099 エノールム
「シモンたちは今まで通り戦うとってくれ! 儂ゃ兵士が混乱せんように処置する!!」
朝になって大激浪に終わりが見えた頃に、エノールムなる巨大で白く毛むくじゃらのぷっくりした人型魔獣が現れたならば、今までの戦闘が台無しになるほどの脅威。
メインデルト王は焦りながらプーシーユーに指示を出したら、本部に走って行った。
「まぁ俺たちはこの戦い方しかできないけどな」
「せやけど対策は必要やで」
「シモンさん。何か策はあるどす?」
今まで通りと言われても、相手は体高40メートルはある二足歩行の怪獣。それなりの戦法の変更は必要だ。

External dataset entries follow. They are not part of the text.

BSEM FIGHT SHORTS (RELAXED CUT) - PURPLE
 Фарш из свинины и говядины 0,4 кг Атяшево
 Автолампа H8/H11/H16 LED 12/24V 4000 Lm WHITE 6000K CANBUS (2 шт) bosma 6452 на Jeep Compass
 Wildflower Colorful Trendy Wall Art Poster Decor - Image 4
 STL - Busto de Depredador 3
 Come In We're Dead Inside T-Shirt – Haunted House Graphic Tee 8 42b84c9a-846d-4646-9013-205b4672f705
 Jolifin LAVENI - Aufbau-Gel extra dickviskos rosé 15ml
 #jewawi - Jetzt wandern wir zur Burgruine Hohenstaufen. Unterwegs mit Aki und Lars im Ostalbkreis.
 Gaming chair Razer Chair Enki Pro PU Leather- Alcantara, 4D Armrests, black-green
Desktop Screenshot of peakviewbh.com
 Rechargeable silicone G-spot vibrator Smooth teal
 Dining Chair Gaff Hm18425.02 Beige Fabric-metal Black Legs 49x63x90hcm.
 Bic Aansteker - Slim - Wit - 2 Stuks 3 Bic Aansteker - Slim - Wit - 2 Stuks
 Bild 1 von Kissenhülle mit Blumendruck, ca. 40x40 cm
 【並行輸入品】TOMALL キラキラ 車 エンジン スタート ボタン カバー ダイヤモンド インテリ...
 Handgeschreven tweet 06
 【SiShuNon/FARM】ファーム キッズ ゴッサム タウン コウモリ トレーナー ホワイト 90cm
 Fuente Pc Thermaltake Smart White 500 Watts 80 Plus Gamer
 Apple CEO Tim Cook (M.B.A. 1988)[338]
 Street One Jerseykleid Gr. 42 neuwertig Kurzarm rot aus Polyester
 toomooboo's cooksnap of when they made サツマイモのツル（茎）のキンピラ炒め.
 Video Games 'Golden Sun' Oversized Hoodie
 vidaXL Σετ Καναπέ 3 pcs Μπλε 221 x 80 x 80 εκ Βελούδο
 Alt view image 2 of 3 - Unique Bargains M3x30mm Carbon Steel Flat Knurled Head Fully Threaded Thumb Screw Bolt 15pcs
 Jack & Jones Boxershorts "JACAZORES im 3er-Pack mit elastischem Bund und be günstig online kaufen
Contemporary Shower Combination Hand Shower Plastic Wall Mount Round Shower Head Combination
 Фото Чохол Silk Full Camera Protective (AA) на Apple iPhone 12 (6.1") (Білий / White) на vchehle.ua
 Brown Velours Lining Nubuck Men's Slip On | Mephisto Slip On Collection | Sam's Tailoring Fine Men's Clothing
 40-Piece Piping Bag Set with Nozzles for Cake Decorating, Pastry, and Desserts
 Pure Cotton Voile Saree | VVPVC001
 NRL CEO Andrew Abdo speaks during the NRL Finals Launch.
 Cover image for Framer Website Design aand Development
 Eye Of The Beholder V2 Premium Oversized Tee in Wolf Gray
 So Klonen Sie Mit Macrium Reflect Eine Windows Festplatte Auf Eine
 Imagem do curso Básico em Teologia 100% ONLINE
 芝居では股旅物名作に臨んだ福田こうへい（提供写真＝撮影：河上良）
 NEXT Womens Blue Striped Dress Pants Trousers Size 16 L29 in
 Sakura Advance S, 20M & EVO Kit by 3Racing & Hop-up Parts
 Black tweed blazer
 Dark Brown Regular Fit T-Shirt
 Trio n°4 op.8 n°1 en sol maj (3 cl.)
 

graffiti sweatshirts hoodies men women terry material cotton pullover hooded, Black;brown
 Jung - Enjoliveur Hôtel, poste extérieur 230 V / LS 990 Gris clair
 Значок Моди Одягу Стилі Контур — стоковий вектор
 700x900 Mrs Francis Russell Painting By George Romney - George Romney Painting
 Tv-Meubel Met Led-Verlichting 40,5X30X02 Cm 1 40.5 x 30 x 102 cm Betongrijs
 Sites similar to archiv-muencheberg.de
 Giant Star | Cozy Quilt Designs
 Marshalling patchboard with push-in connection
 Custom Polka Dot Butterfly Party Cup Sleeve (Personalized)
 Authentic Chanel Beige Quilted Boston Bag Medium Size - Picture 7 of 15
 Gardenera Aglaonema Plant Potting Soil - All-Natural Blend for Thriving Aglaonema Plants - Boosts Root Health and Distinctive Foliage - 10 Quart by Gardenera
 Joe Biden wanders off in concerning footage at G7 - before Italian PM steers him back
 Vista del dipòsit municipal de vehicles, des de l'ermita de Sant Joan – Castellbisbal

「とりあえずこのまま。1キロ切った辺りからの戦い方を考えるか。つっても、俺たちの一斉射撃しかないけどな」
シモンの策も、いつも通り。迷宮ボスと戦うような感じだ。違うことは、弾込め役がいること。必ずプーシーユーの1人に補助を1人付けることは決定。
あとはプックのガトリングガンをエノールムが到着するまで温存して、到着したらガトリングガンを撃ち切ってから二丁あるサブマシンガンに持ち替えることにしていた。
「俺は9号でずっと行く。明後日は筋肉痛だろうな~」
シモンは一番強い銃での攻撃。撃鉄は力一杯引かないといけない形なので、最後はスタミナ勝負となってしまった。
「筋肉痛が2日後って……オッサンか」
「え? みんな2日後じゃないの??」
「ウチは翌日来るどす」
「しゅ、種族差じゃね? まだ俺、24だし……」
「明後日に来る言うたやろ。往生際悪いわ~」
この中で一番年下のはずのシモンが何故かオッサン認定。長生き組には人族の筋肉痛事情は最後まで伝わらないのであった。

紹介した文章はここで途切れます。